TANGSELIFE.COM – TikTok kini menjadi platform media sosial yang telah diunduh oleh 3,5 miliar penduduk dunia, sehingga menobatkannya sebagai aplikasi paling populer di kancah internasional.

Diketahui bahwa platform tersebut telah digunakan lebih dari 150 negara dan dilengkapi dengan 35 pilihan bahasa yang beragam.

Adapun pengguna terbanyak aplikasi ini yakni Amerika Serikat dengan total 141 juta akun aktif.

Lebih lanjut, aplikasi ini masuk ke Indonesia pada 2018 lalu dan mulai populer saat terjadinya pandemi Covid-19 yang memungkinkan banyak orang melakukan aktivitas di media sosial.

Sampai saat ini, TikTok masih aktif menjadi wadah untuk membagikan konten-konten menarik dan menghibur para penggunanya.

Namun popularitasnya diramal akan segera memasuki era stagnan, bahkan menurun.

Salah satu penyebabnya karena hilangnya kontrak dengan Universal Music Group yang membuat lagu-lagu artis internasional, seperti Taylor Swift, J Balvin, Coldplay, dihapus dari platform tersebut.

Tanda-tanda berikutnya bisa dilihat dari data terbaru Sensor Tower pada awal 2024 yang menunjukkan pertumbuhan TikTok mulai menurun sepanjang 2023.

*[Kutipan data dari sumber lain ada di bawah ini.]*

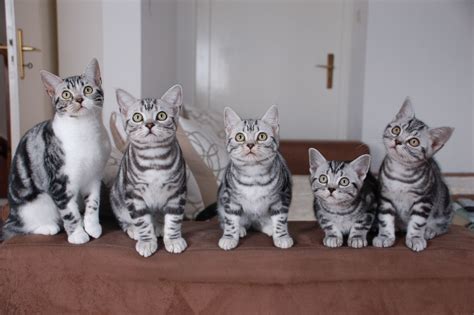 Download American Shorthair Wallpaper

Media sisual dengan pengguna aktif bulanan terbanyak sedunia sepanjang tahun lalu diduduki oleh Facebook, diikuti WhatsApp, Instagram, kemudian Messenger.

Selanjutnya, TikTok ada di peringkat ke-5.

Sebenarnya pertumbuhan pengguna masih positif 3% secara rata-rata tiap kuarta sepanjang tahun lalu.

Namun peningkatan itu menurun dari yang sebelunya 12% secara rata-rata tiap kuartal pada 2022.

Penyebab Perlambatan Pertumbuhan TikTok

Pada laporan Slate mengungkapkan penyebab perlambatan pertumbuhan ini dikarenakan sodoran iklan yang membludak di platform tersebut untuk membujuk penggunanya berbelanja di fitur e-commerce yang hadir di dalam aplikasi tersebut.

Selain itu, banyaknya disinformasi yang tersebar dan konten-konten AI yang menjadi spam di platform tersebut bisa disebut sebagai pemicu.

Di sisi lain, terjadi juga gesekan di internal perusahaan ketika TikTok dan induknya, ByteDance, terlibat kasus dugaan diskriminasi gender.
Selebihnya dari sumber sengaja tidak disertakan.